During my undergraduate years at Cornell I struggled and gave up on
Spanish. Luckily a linguistics professor had a theory that people who
had trouble learning English early (like me) would have too much
difficulty in picking up a new language, so I could take an intro
linguistics course to cover my language requirement. Pretty cool as we
covered context-free languages simultaneously in linguistics and in my
introduction to theoretical computer science class.
In graduate school my three years of high school French got me out of
the Ph.D. language requirement. If English was not the lingua franca
of our field, I would be in serious trouble. I've always been
impressed how many non-native speakers of English have succeeded in
computer science.
I spent an entire year on sabbatical in Amsterdam but only learned
enough Dutch to navigate the supermarkets and order in
restaurants. Most Dutch speak English (and 3-4 other languages) and my
attempts to say most Dutch words usually got responses in
English. Still I definitely missed something as when I left a
conversation the language shifted to Dutch and I couldn't get back in.

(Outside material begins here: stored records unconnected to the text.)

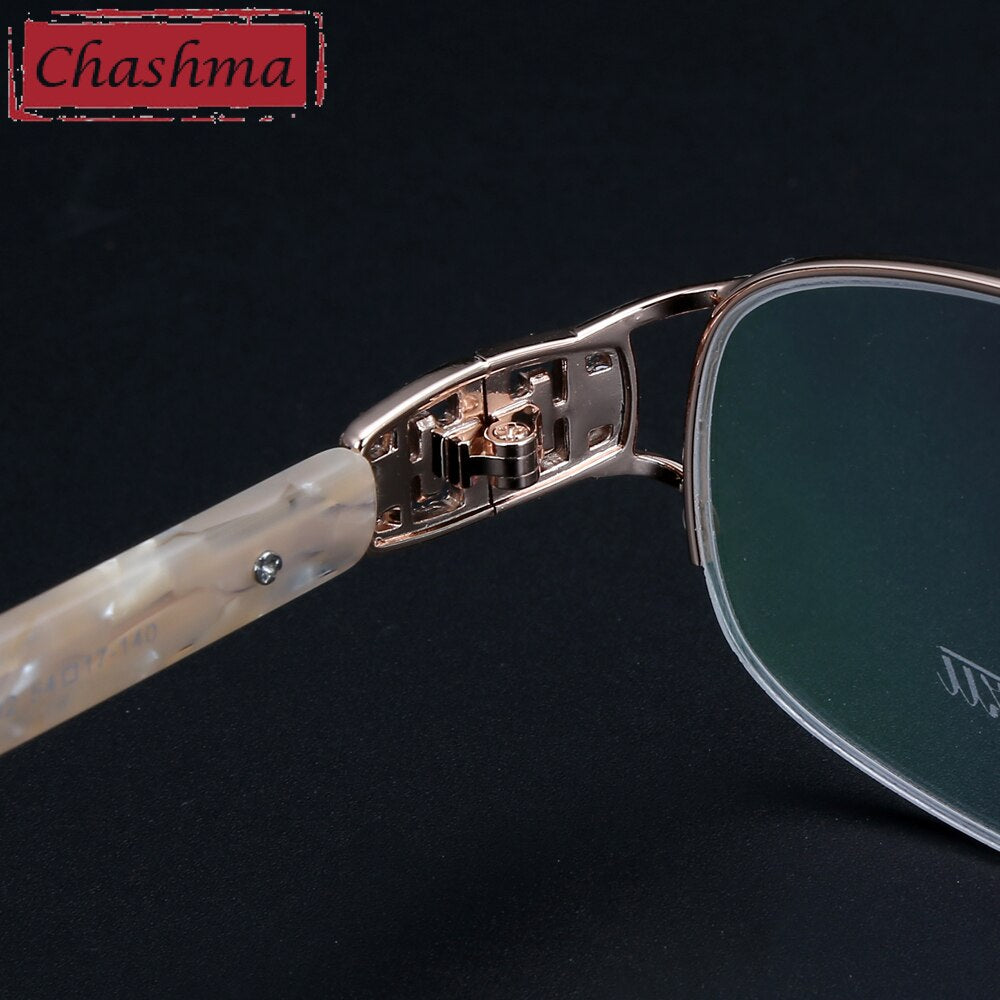 Chashma Ottica Women's Semi Rim Oval Titanium Eyeglasses 2392 Semi Rim Chashma Ottica   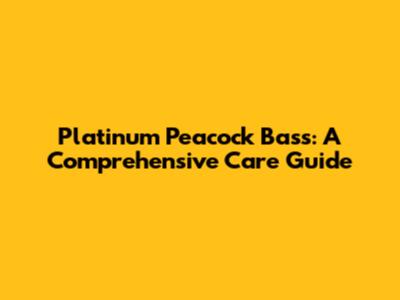 Platinum Peacock Bass: A Comprehensive Care Guide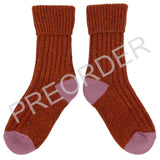 ***PREORDER*** ANKLE SOCKS - lambswool & silk - unisex - Rust & Dusky Pink - CASE SIZE3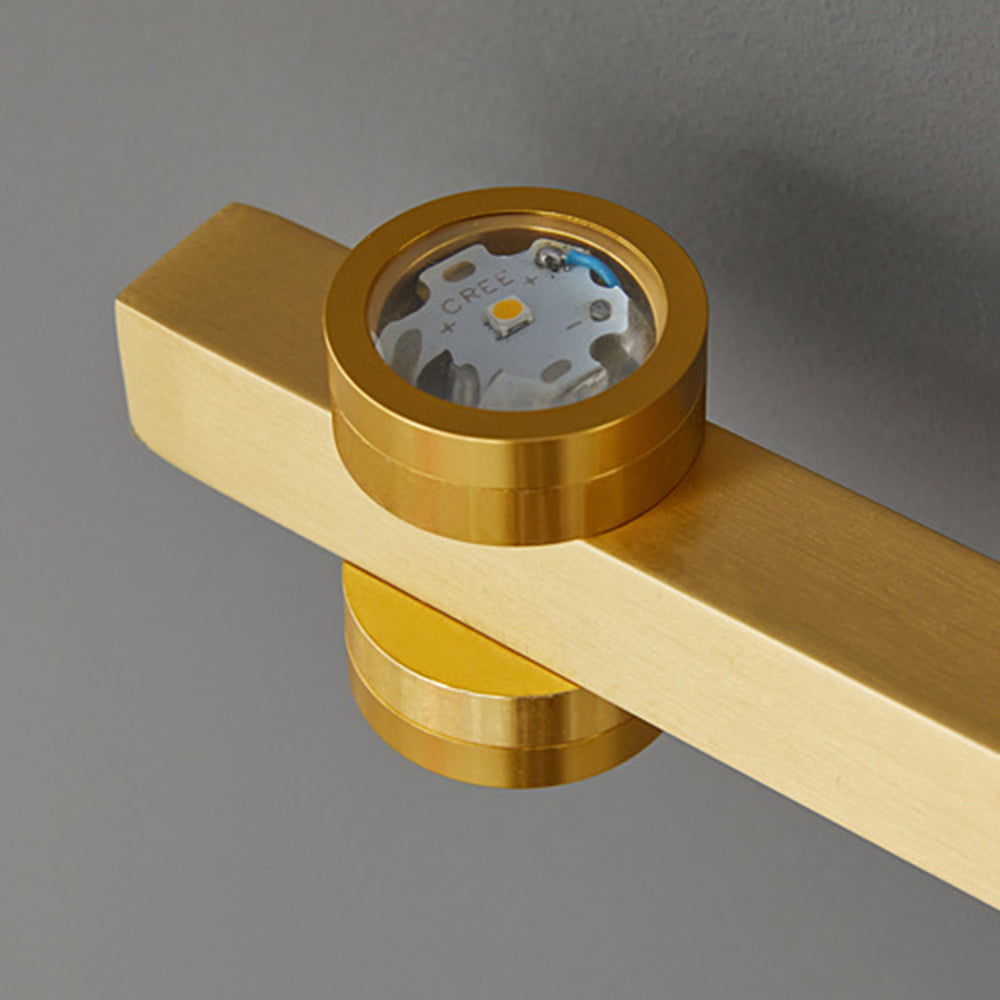 Freja - Lampada da parete LED moderna, nero/oro, bagno, metallo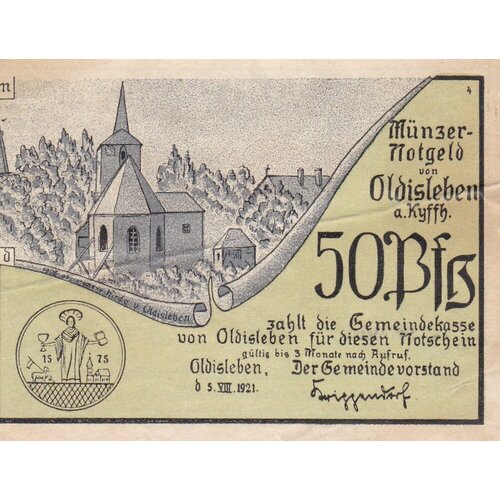 Германия (Веймарская Республика) Ольдислебен 50 пфеннигов 1921 г. (№4)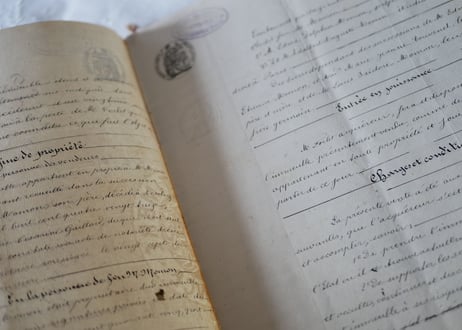 フランスアンティークの公文書  A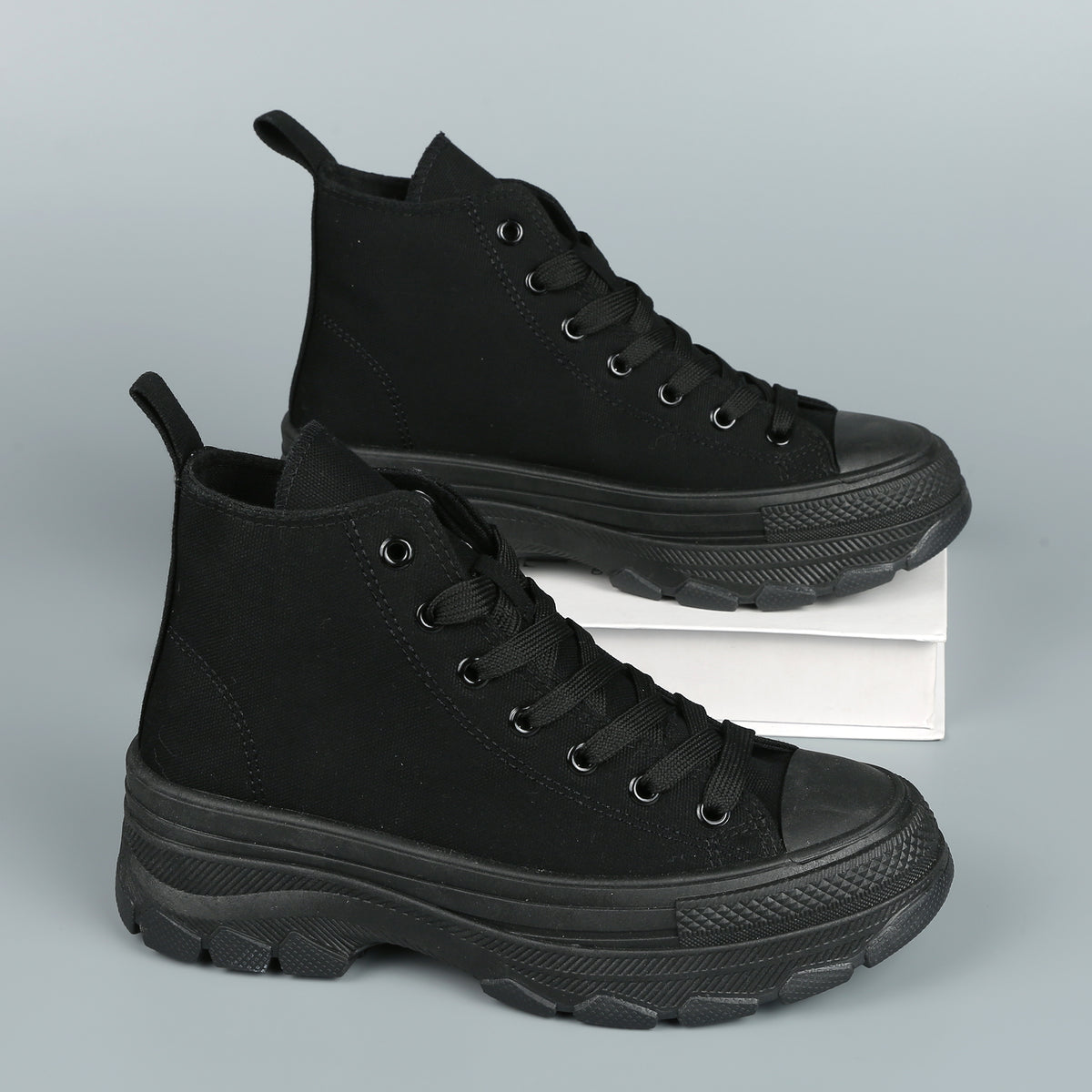 Nexsus Plus Women’s Chunky Platform High-Top Trainers – Lace-Up Casual Sneakers UK 3–8 in All Black - View 8 of 10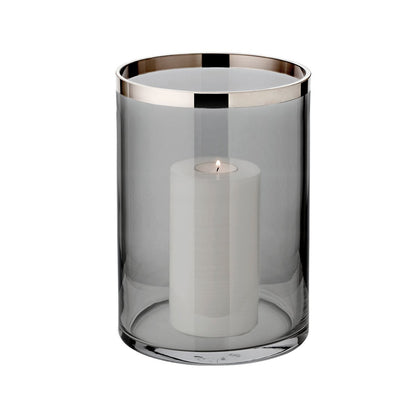 Zeuslantaarn met platina rand, donker glas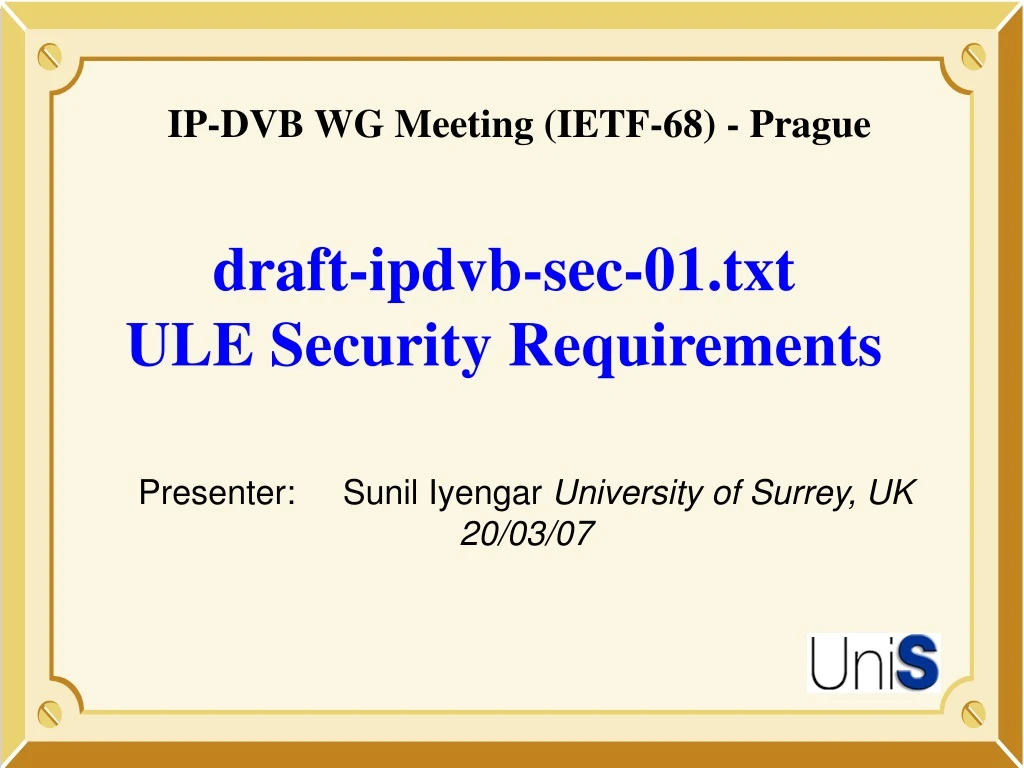 draft ipdvb sec 01 txt ule security requirements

Suppose I could retroactively master a single foreign language, what
language should it be? At times I would have liked to know Dutch,
German, Hebrew, Japanese and the occasional French, Spanish, Danish,
Italian and Portuguese. In the future I suspect I would visit
countries speaking Hungarian, Russian, Chinese, Swedish and many
others. I've gotten very good at navigating in countries where I don't
know the language. In most European countries I can pass as a local as
long as I keep my mouth shut.
The University of Chicago has a rather strict TOEFL requirement that
would likely have caused a problem for me had I grown up in say
Germany. Our department also has a small foreign language requirement
for the Ph.D. Foreign language requirements made sense in a different
era when papers were written in many languages. I remember a scene in
graduate school where my advisor Mike Sipser and some Russian speaking
students poured over the latest paper by Razborov translating from the
Russian and hoping to understand Razborov's next great result. But now
with nearly all papers written in English the requirement seems like a
relic from a bygone time. Perhaps we should require every student to
take the test in French, for France still has a few researchers
stubborn enough to keep writing in their native tongue.